Farm accident drill and planting corn

I planted corn the other day.
A couple things went wrong. Not only that day, but for the rest of the week. I don't even know what day it started to go wrong.
But things were not as bad for me as for this poor straw man who went through the haybine. I guess that is why strawman purchases are illegal...

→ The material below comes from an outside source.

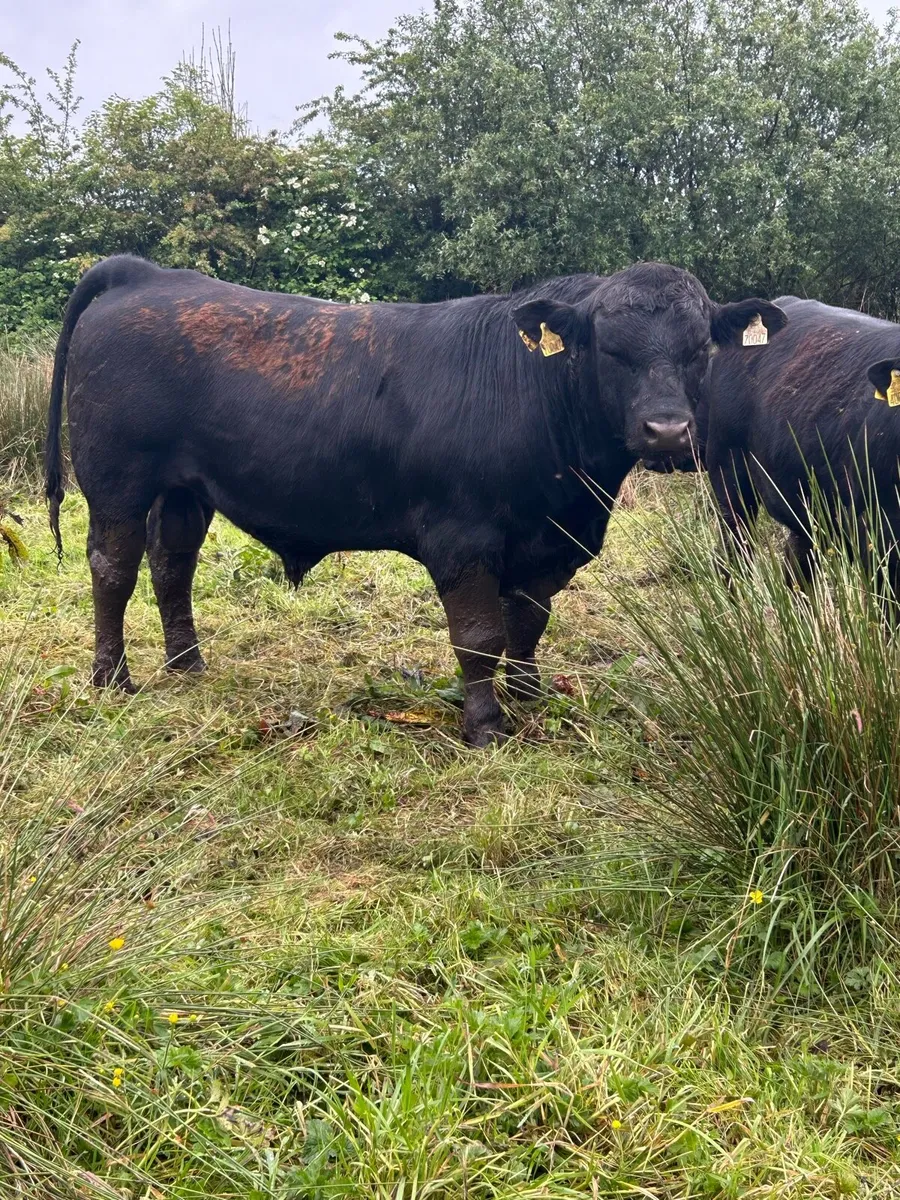Pedigree Angus Bulls - Image 1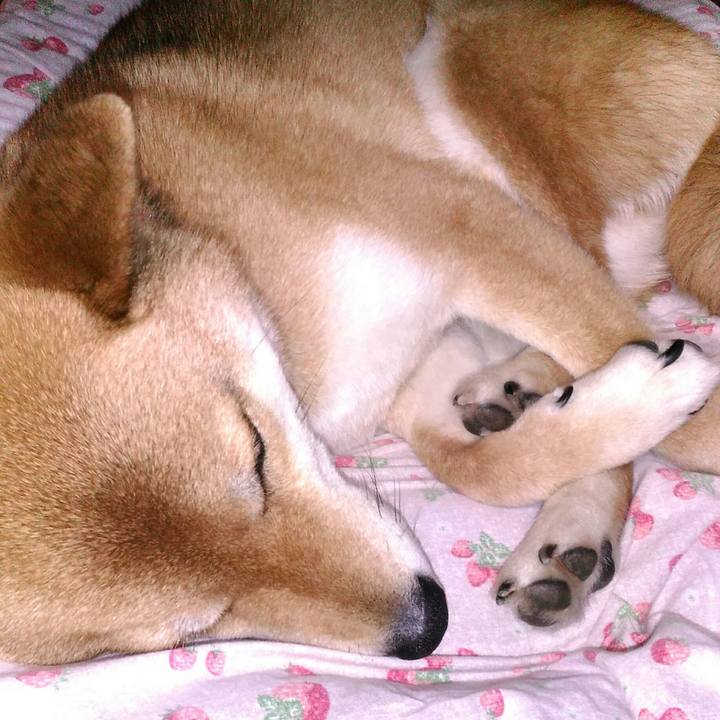 1dec8ac3 3068 45e5 bc75 c67232074644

The fire department called me whilst I was planting and wanted to use some junk farm equipment for a safety drill. Well, why did you call us?! Oh the neighbor said you were scrapping, can we do it this evening. Um... if you would have called a WEEK ago we had two silage choppers and headers but now they are headed for CHINA... So, I had him call my brother.
The brother found a combine header and a haybine and when I got home I jack knifed the 2-135 and disk so they could trap another straw man between the tire and the tongue.
It was interesting. They tried a sawzall on the combine header and ruined two blades. I think the straw dude died. They tried to lift the disk with airbags but the aircompressor wouldn't start. Eventually they used hydraulic jacks to move the disk away from the guy. The fireman in charge demonstrated why you can't move the tractor. First, he couldn't figure out how to get the White in gear as I had put it in park. Then when he moved the tractor he shut the engine off without putting it back in park and it rolled backwards and squished the poor scarecrow once again.
The fellow in the hayconditioner was pretty much declared a goner. They couldn't get the rolls to move. Well, they have not moved in 20 years so that might have been the problem.
The fire department had a good time and got to use their bright lights so it was pretty much a successful training session.
But, I digress...
Back to planting corn!
First of all, I thought the field was going to be ten acres larger than it was so that kind of got me off on the wrong foot I guess.
Then I laid out the field wrong. There were wet spots at one end. The farmer left wide headlands. He is going to combine the corn with a direct cut header. He needed wide headlands. What I should have done was either step off 60 foot and put up flags or make a couple passes empty and start four planter widths from the edge of the field. Then, when I was finished I could just make four trips around the field in a circle. I do this with the drill frequently if I am planting back and forth, but with the corn planter I had my head up my arse.
I had a lot of problems with the markers slowly moving in on one side. That was just frustrating.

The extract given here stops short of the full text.